▸ **DATA TO PROCESS**:
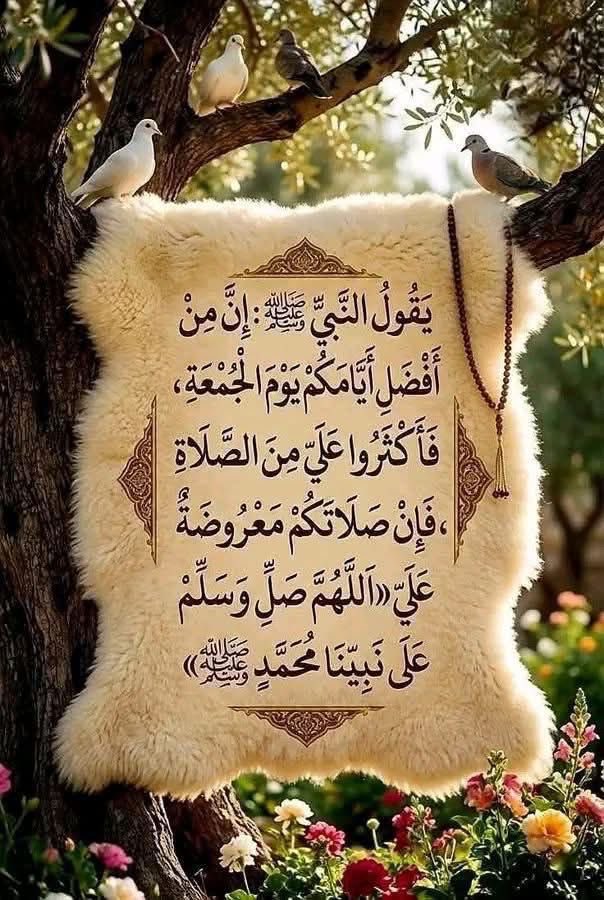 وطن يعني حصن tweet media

==

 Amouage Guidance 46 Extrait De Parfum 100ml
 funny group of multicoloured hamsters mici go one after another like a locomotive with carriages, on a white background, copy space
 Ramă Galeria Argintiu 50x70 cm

==

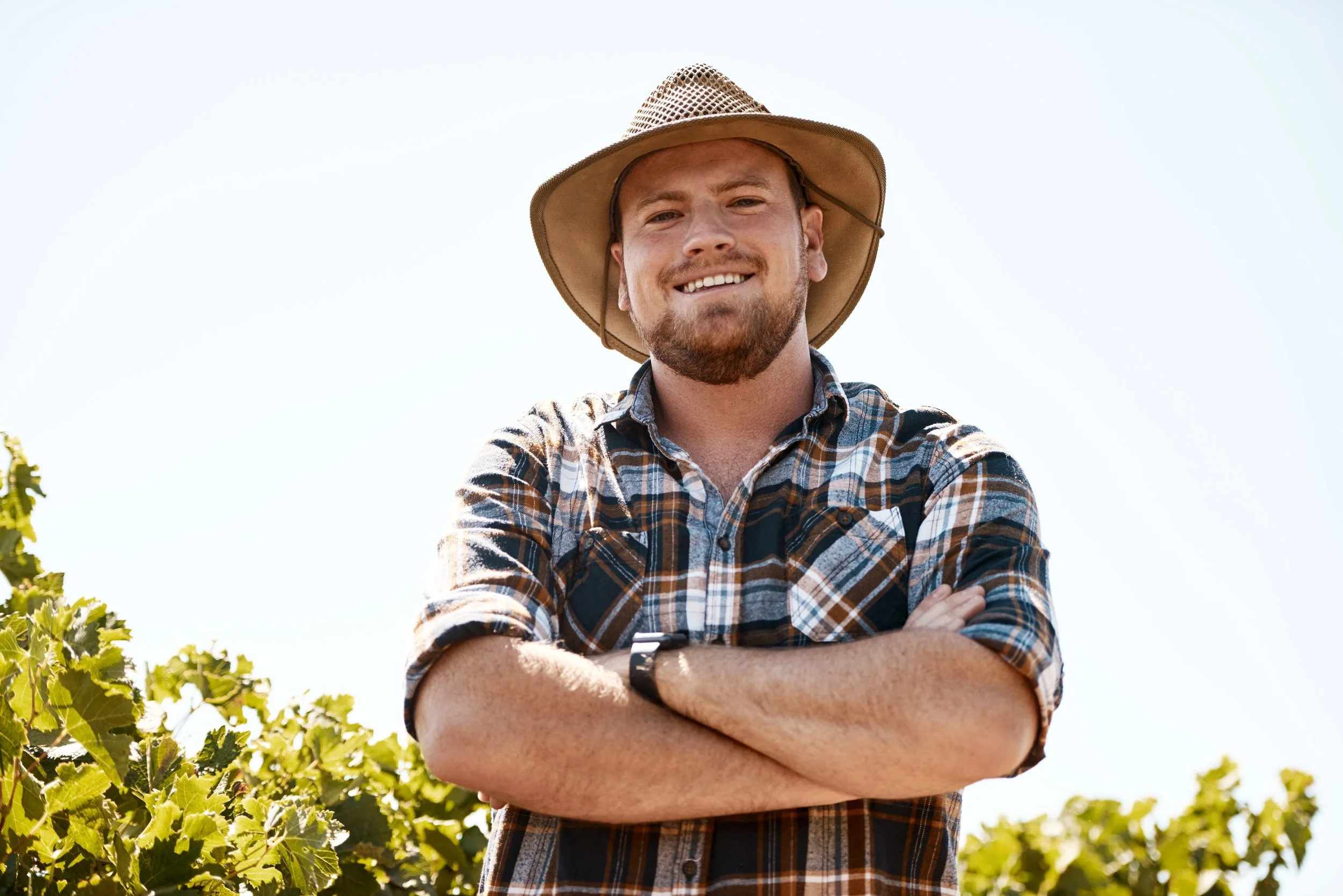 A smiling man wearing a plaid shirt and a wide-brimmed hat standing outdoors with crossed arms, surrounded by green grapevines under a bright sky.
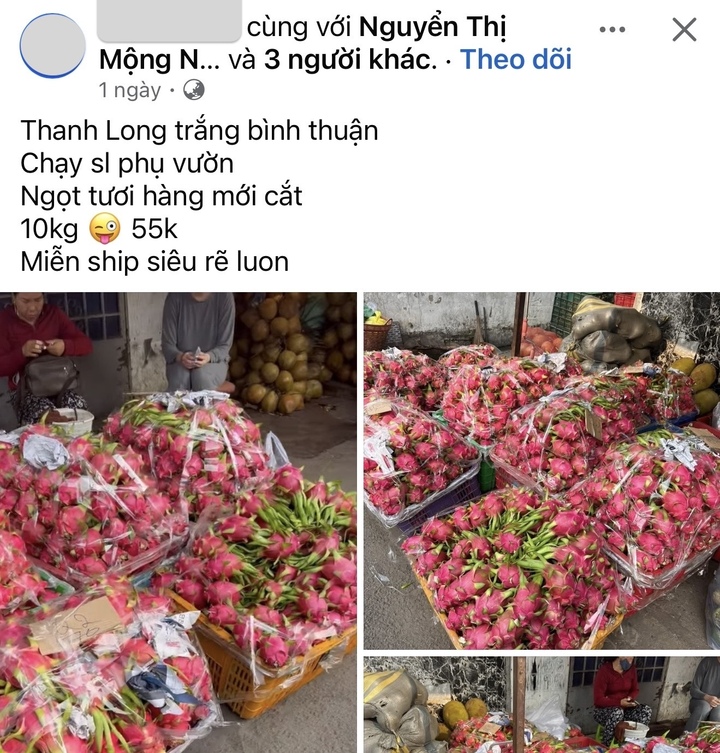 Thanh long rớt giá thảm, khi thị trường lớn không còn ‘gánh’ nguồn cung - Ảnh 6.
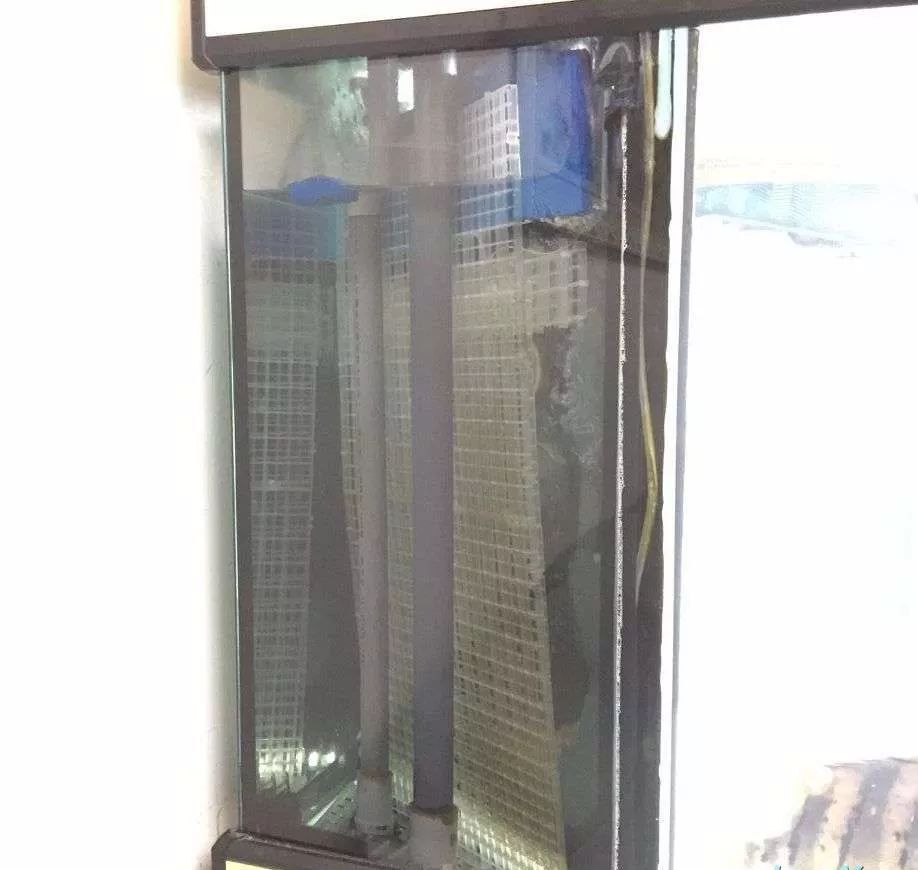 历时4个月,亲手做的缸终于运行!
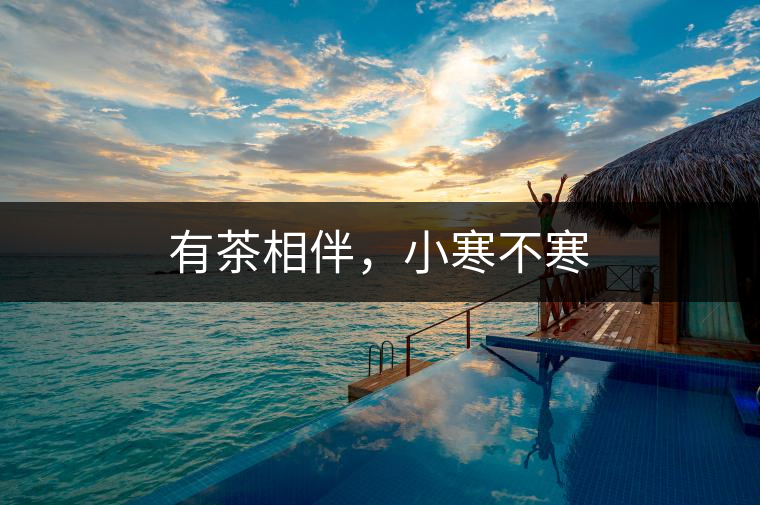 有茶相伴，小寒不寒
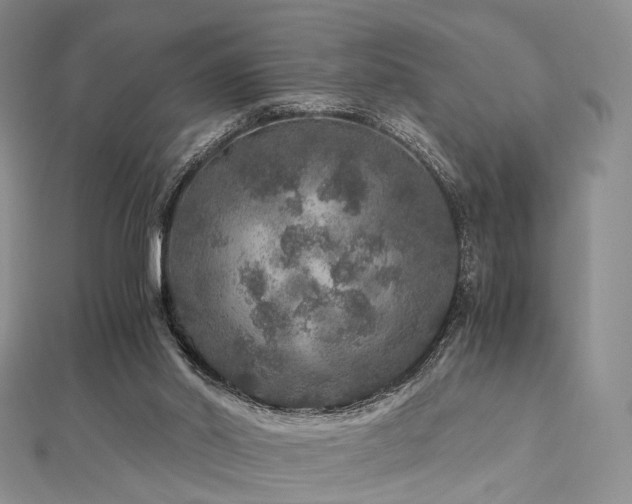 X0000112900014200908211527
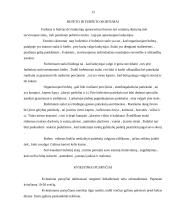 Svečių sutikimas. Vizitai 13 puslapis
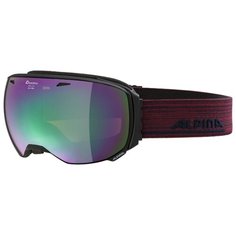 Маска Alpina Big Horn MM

▸ **TASK DETAILS**: With the first line being the one containing "funny group of" and the last line the one containing "Ramă Galeria Argintiu 50x70 cm", transcribe exactly the lines above that fall in that range.

▸ **THE COMPLETED TASK**:
 funny group of multicoloured hamsters mici go one after another like a locomotive with carriages, on a white background, copy space
 Ramă Galeria Argintiu 50x70 cm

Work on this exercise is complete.